Grand spécialiste des enregistreurs portables et des effets guitare, Zoom avait bien proposé par le passé quelques boîtes à rythmes et un sampleur, mais ne s’était jamais fendu d’un concept aussi barré que cet ARQ dont nous allons tenter de faire le tour.
Et le tour se fera pour le coup en vidéo, l’instrument de Zoom étant extrêmement visuel :
En vis-à-vis de cette émission, on reviendra toutefois sur les points essentiels de cet instrument à nul autre pareil.
Le Zoom ARQ réunit pas moins de cinq fonctions : séquenceur, sampleur, looper, synthétiseur et contrôleur MIDI, pour un tarif oscillant entre 529 et 599 € selon les revendeurs. Le tout est piloté en partie par un anneau proposant trois fois 32 pads lumineux et équipé d’un accéléromètre.

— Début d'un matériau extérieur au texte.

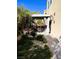 Landscaped backyard with covered patio and seating area at 6329 Kitamaya St, North Las Vegas, NV 89031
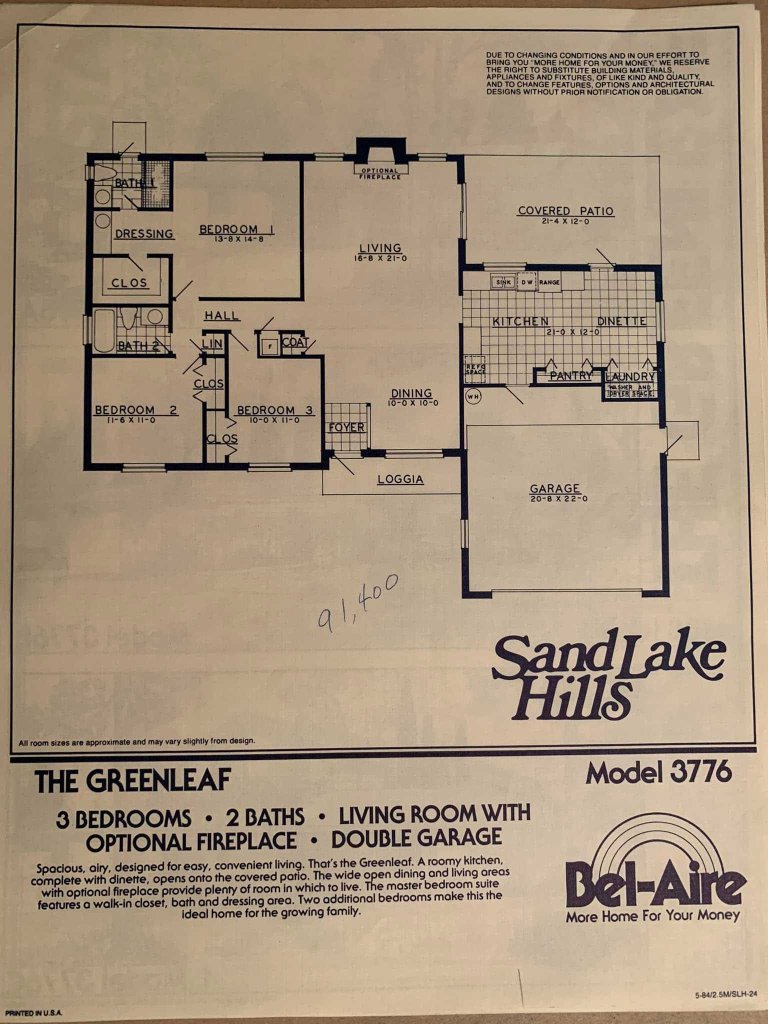 Blueprint of The Greenleaf model. Features 3 bedrooms, 2 baths, living room with optional fireplace, dining area, kitchen, and double garage. Includes details like room dimensions and layout.
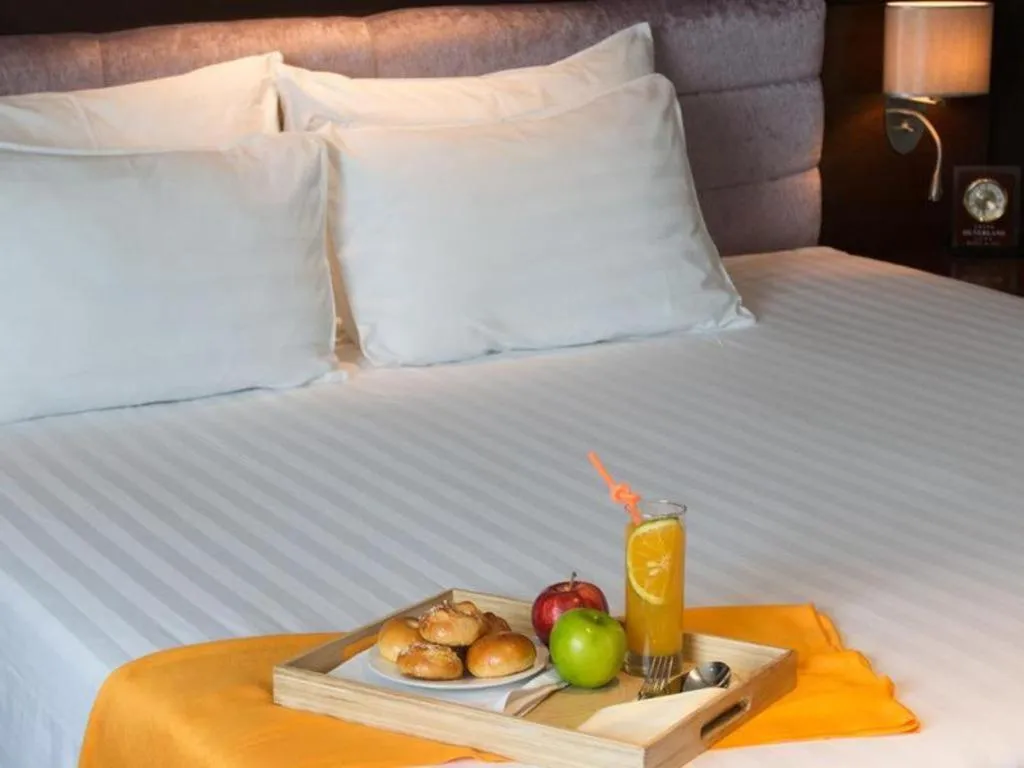 Bed in Grand Silverland Hotel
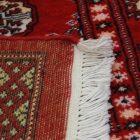 Pakisztáni szőnyeg bordó Bukhara 76x128 kézi csomózású szőnyeg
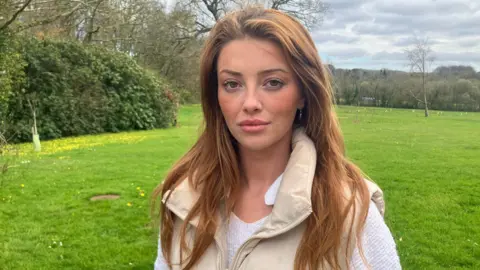 A woman with strawberry blonde hair stares at the camera. She's stood at a gate looking over a green field behind her, with hedges and trees in the background. The sky has grey clouds with a hint of blue skies in the distance. Lorna is wearing a white top, with a cream gillet over the top.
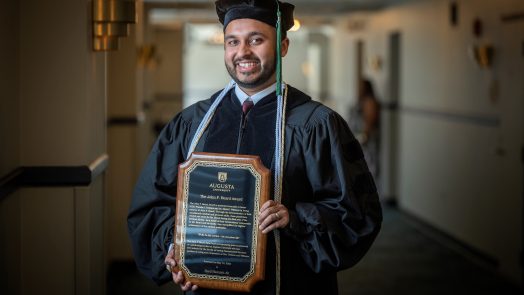 Man stands in graduation robe and cap holding plaque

De quoi bien « pimper » votre prochaine prestation DJ ou performance électro. Ou pas.
Plus d’une corde à son arc
Le Zoom ARQ, c’est en fait deux appareils en un. Nous avons tout d’abord la base, qui abrite le cœur du dispositif : toute la partie logicielle, le moteur sonore, les effets, le stockage des sons, des enregistrements et des séquences. Sur cette base vient se connecter un anneau détachable composé de 32 segments de 5 pads chacun (3 jouables et deux dédiés au suivi visuel des séquences), ainsi que de boutons de commande de lecture, effets, etc., et un lecteur de carte SD pour le backup et l’échange de fichiers Wav avec d’autres appareils.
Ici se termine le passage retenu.